The Fixed-range X scale

When working with trends, you may want to see the latest changes only. For example, you may be interested in seeing the changes occurred within the last 5 minutes (assuming you are working in time scale) or only the latest 20 values (if you were working in “event number” mode).

You can switch the Fixed-range X scale mode on and off from either:

  • The Context Menu (under the Scales submenu)

  • The Plot Configuration dialog (under the X axis/Time section). Here you can choose from suggested values or simply type a range:

    • If working in Time mode, the range consists of a number followed by one of the following time units: “s”, “m”, “h”, “d”, “w” and “y”. See Date/time support for more information.

Note that if you switch the Fixed-range mode from off to on, the current range of the X axis (Max-Min or End-Start) will be used.

Using a spectrum as a collection of scalar values

TaurusTrend plots the evolution of scalar values. However, in many occasions the SPECTRUM attributes are (ab)used in the control system as a way of packing a set of scalar values together.

For this reason, TaurusTrend allows you to plot trends of SPECTRUM attributes assuming that each item in the spectrum is an independent scalar number (e.g., a SPECTRUM of length 8 will be plotted as 8 separate curves).

Obviously, all curves related to a single SPECTRUM attribute will be updated simultaneously, since events are received per attribute.


Accessing archived values

TaurusTrend supports connecting to a Database of archived values for the parameters being plotted, which allows to access values previous to the moment the GUI trend was created.

To improve performance, this feature is not enabled by default but it can be enabled in the Context Menu. If launching the TaurusTrend as a stand-alone application, you can also enable this at launch time by passing the -a option (see the TaurusTrend as a stand-alone application section).

Important: retrieving archived values can be slow. Even if archived values are accessed only when needed (i.e., when the time range being displayed requires it), you may experience performance issues if you change the scale to include large time range. For this reason a warning dialog may be shown when you try to access too much archived data.

Polling buffer

The Tango control system provides a buffer of the last values read for an attribute. This can be useful sometimes for performance reasons. The Polling Buffer support in TaurusTrend can be enabled in the Context Menu.

Forced read of attributes

Some attributes of the control system may be set to only send events when their value changes.
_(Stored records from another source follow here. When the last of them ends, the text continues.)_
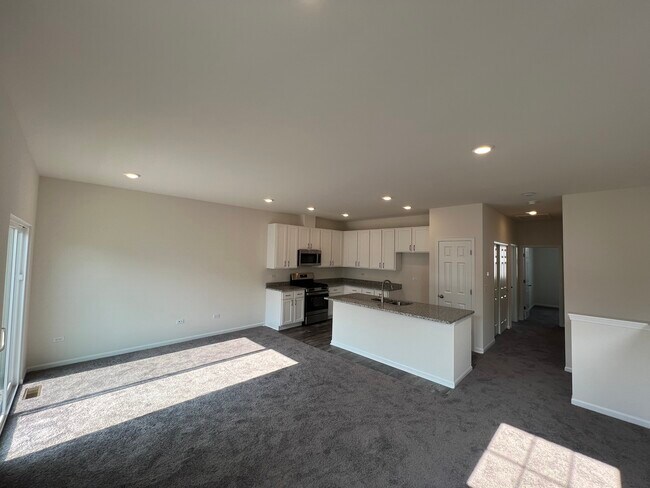 Building Photo - 4181 Chelsea Mnr Cir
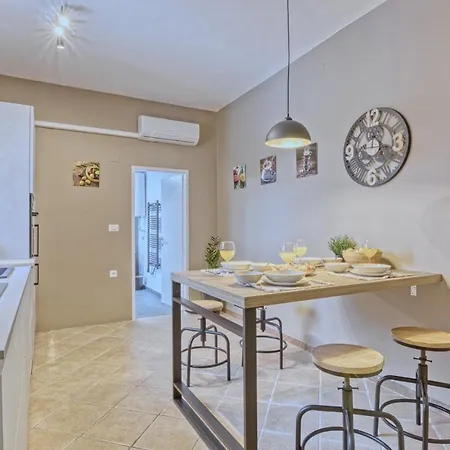 House Dragan 1980 * פולה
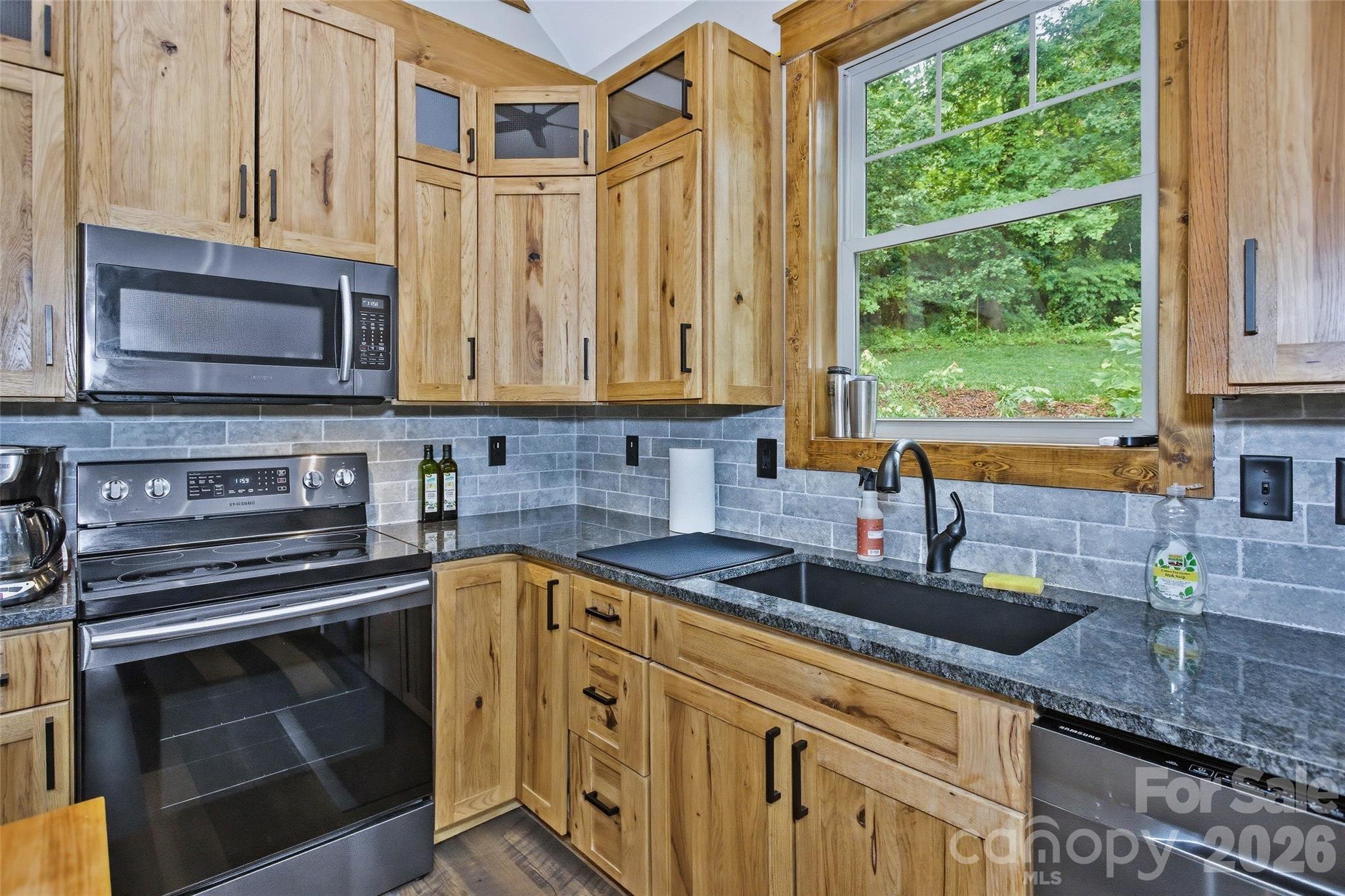 211 Wimbledon Court Property Photo 11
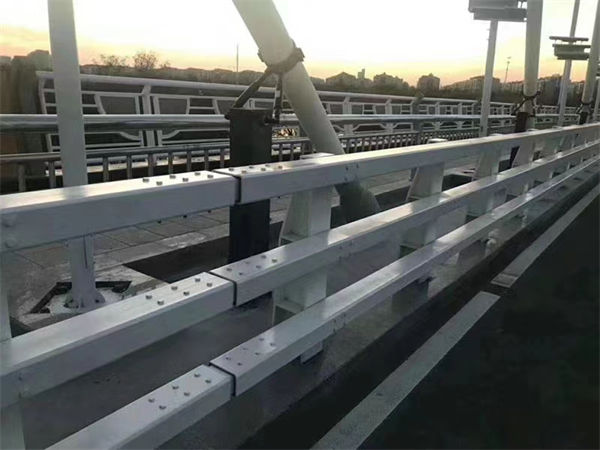 价格低桥梁防撞护栏钢模板的简单介绍
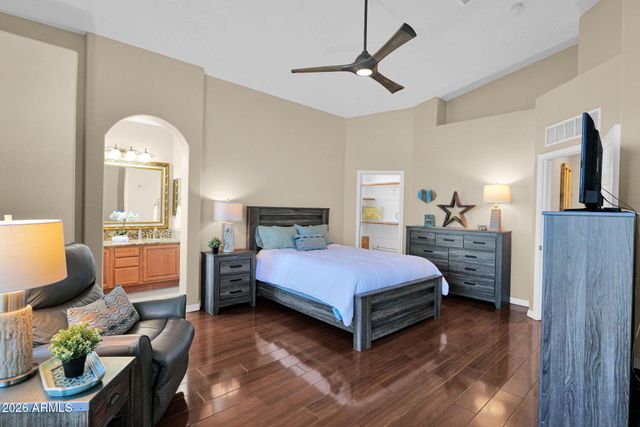 1334 W SEASHORE Drive, Gilbert, AZ 85233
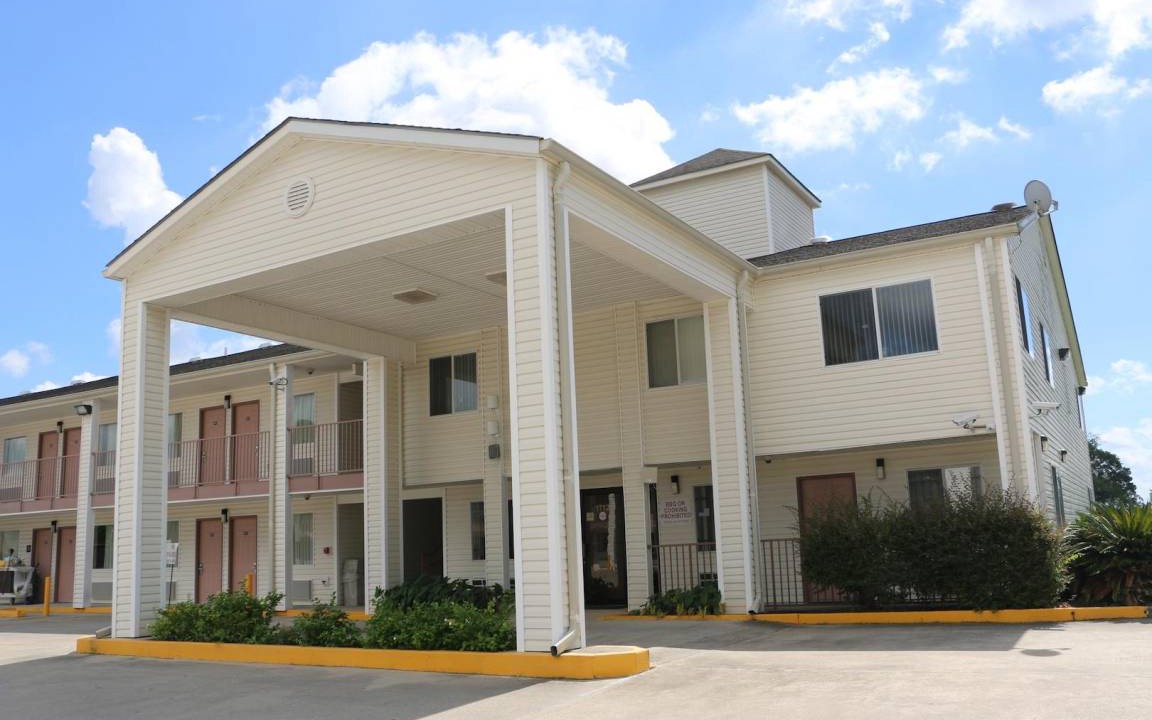 Gonzales House | Motel ∙ 127 guests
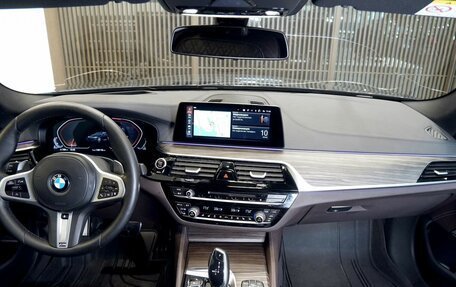 BMW 5 серия, 2019 год, 3 800 000 рублей, 13 фотография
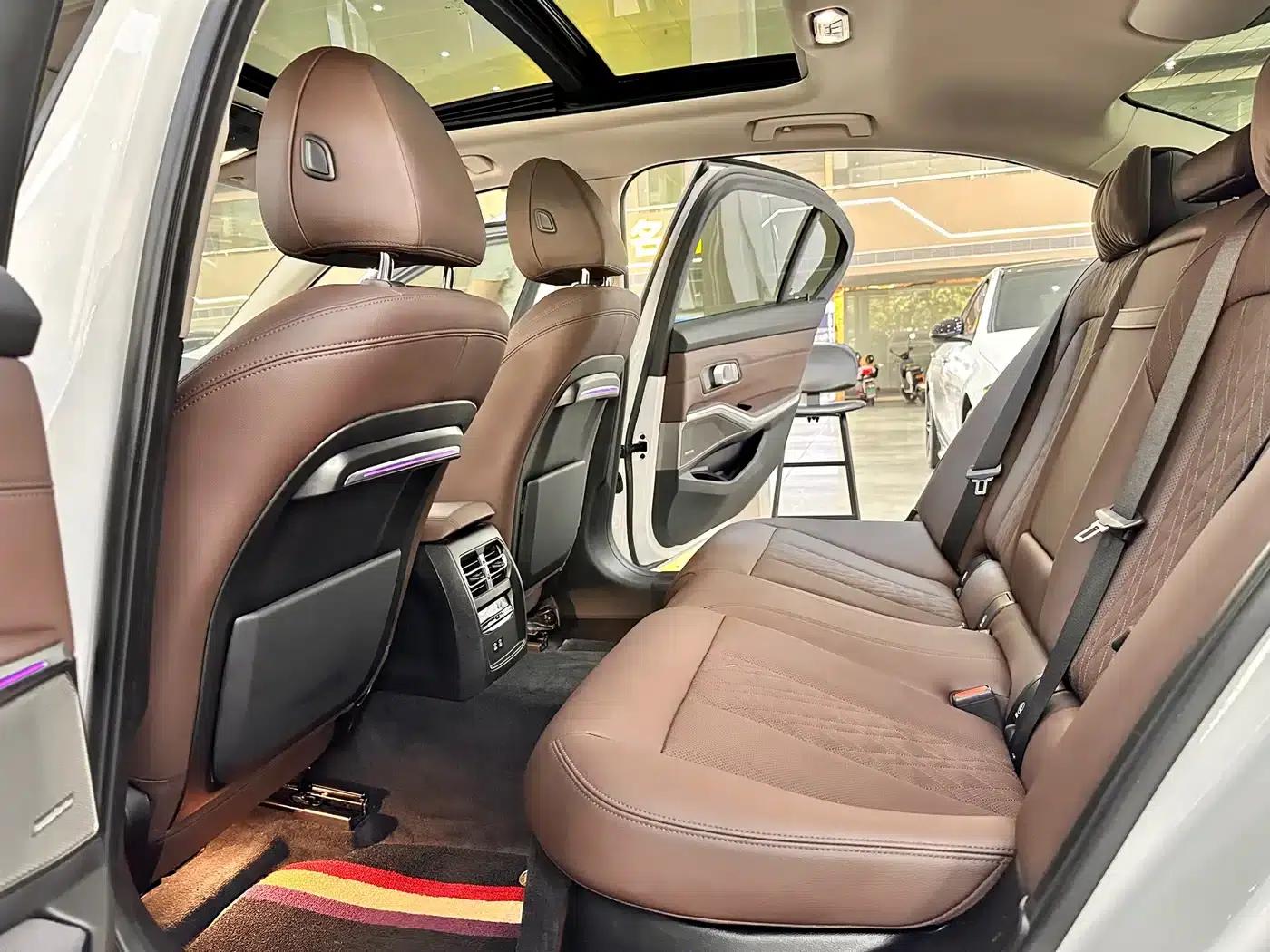 2022 BMW 3 Series 325Li M Sport Shadow Edition — миниатюра 13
In the case of TaurusTrend, this behaviour causes that attributes that do not change often, do not get new points in the trend and thus may seem to have been “lost”. To avoid this issue, you can instruct the TaurusTrend to periodically force re-read the attributes being displayed. You can enable this feature (and set the re-read period) from the Context Menu.

If launching the TaurusTrend as a stand-alone application, you can also enable this at launch time by passing the -r option (see the TaurusTrend as a stand-alone application section).

Keep in mind the following:

  • When enabling this feature, TaurusTrend will ignore all other events (to guarantee that the refresh occurs at and only at the desired periodic times).
  • Setting very frequent re-reads may impact your control system and GUI performance. Specially if you are plotting several attributes. So, do not use this feature unless it is really needed

Known limitations

Limited timing precision when comparing two attributes

If two different attributes are plotted in the same trend, their times may appear slightly out-of-synch. For example, two parameters that are known to vary simultaneously may be apparently 0.5 seconds apart.

This occurs because TaurusTrend relies on the control system timestamps for assigning the time values. Therefore, its precision is limited by that of the control system for the given parameters.

Note that timestamps for an attribute may be assigned using the internal clock of the machine hosting the device server. Therefore, attributes managed by different machines may only be compared to the extent of the synchronization of the corresponding internal clocks. In such a case, keeping all machines synchronized is highly recommended (e.g., using NTP, accuracy should not be worse than 0.1s).